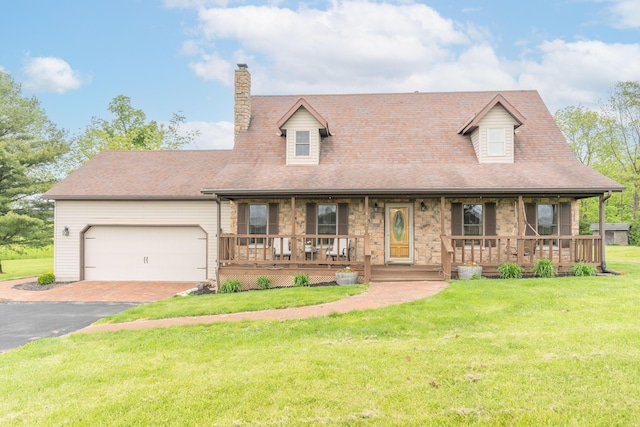 9162 Township Road 169 N, West Liberty, OH 43357 - new england style home featuring a porch, a garage, a chimney, a front yard, and driveway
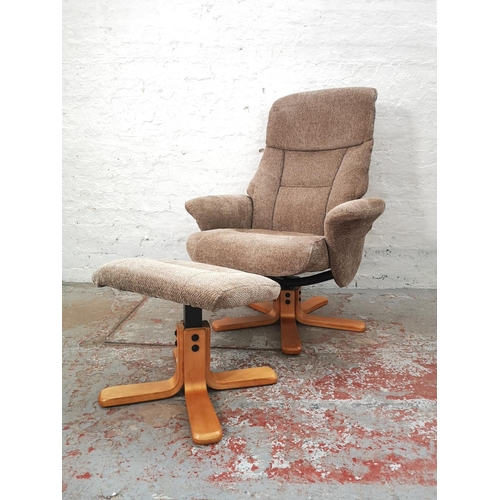 1057C - A Global Furniture Alliance Ltd. brown upholstered swivel armchair with matching footstool - approx.... 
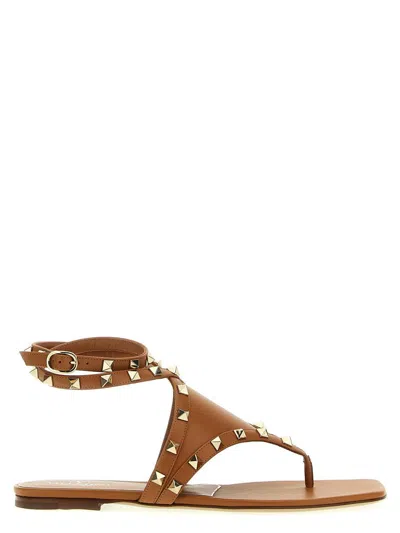 Valentino Garavani Rockstud Sandals With Flat Sole And Studded Design In Brown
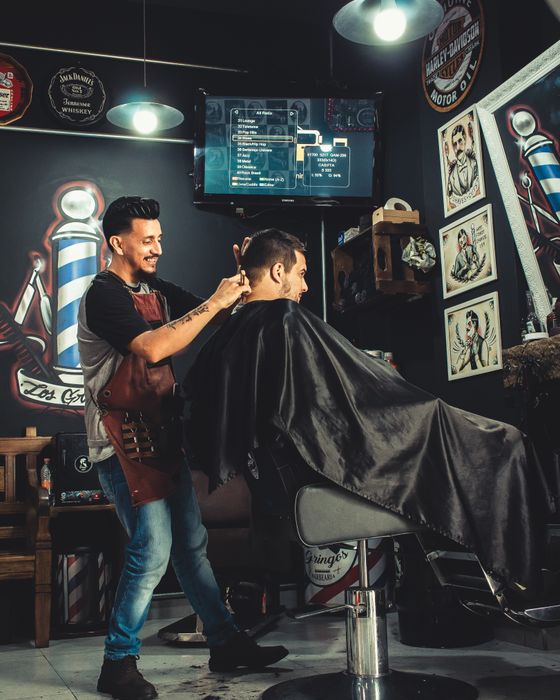 Barbero cortando el cabello de un cliente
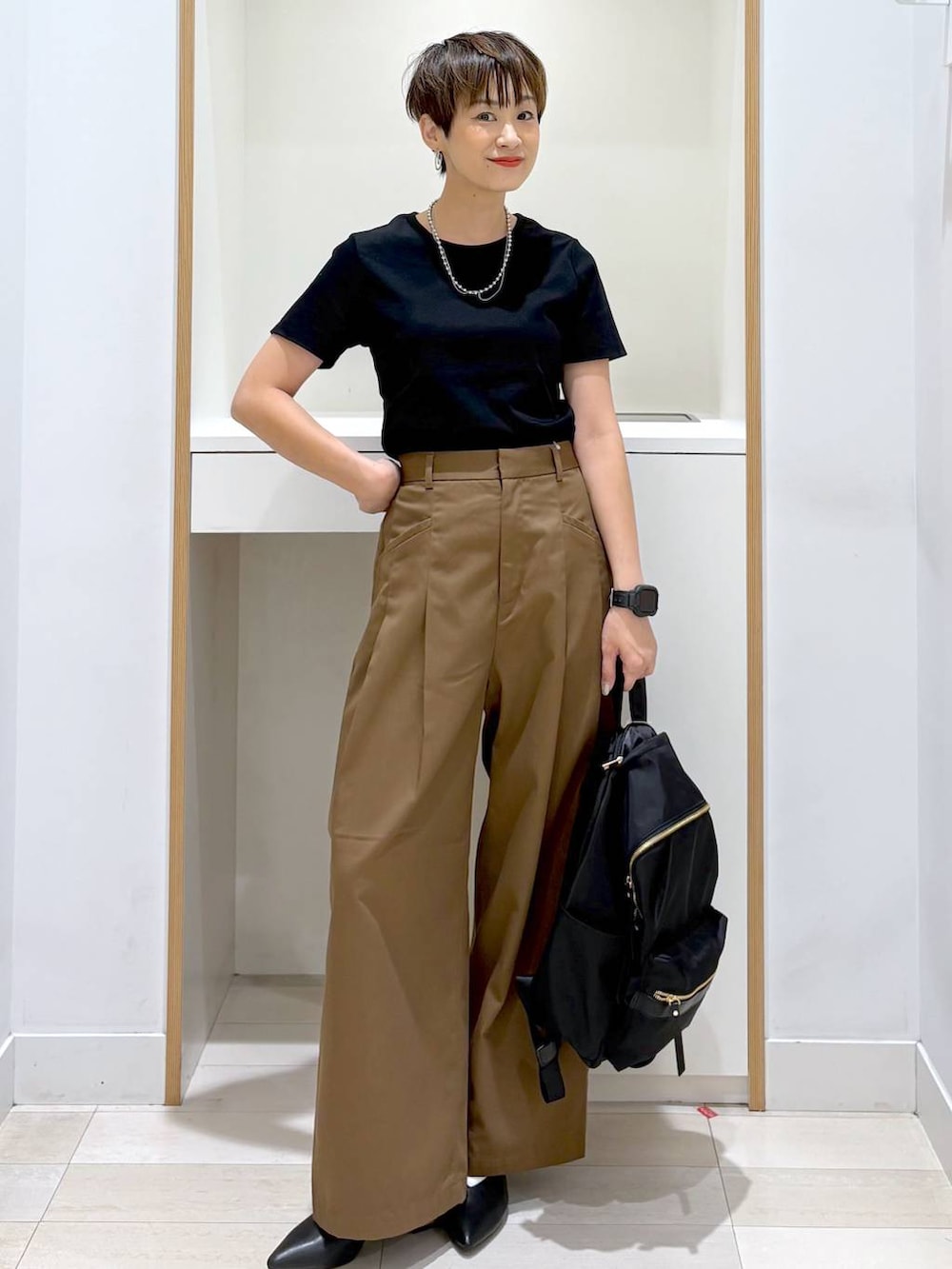ブラック系のバックパック/リュック、ブラック系のTシャツ/カットソー、ブラック系のパンプスを着用したレディースの夏コーディネートの5枚目の写真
____________________
Apart from the pictures, repeat the data above exactly.

 9162 Township Road 169 N, West Liberty, OH 43357 - new england style home featuring a porch, a garage, a chimney, a front yard, and driveway
 1057C - A Global Furniture Alliance Ltd. brown upholstered swivel armchair with matching footstool - approx.... 
 Valentino Garavani Rockstud Sandals With Flat Sole And Studded Design In Brown
 Barbero cortando el cabello de un cliente
ブラック系のバックパック/リュック、ブラック系のTシャツ/カットソー、ブラック系のパンプスを着用したレディースの夏コーディネートの5枚目の写真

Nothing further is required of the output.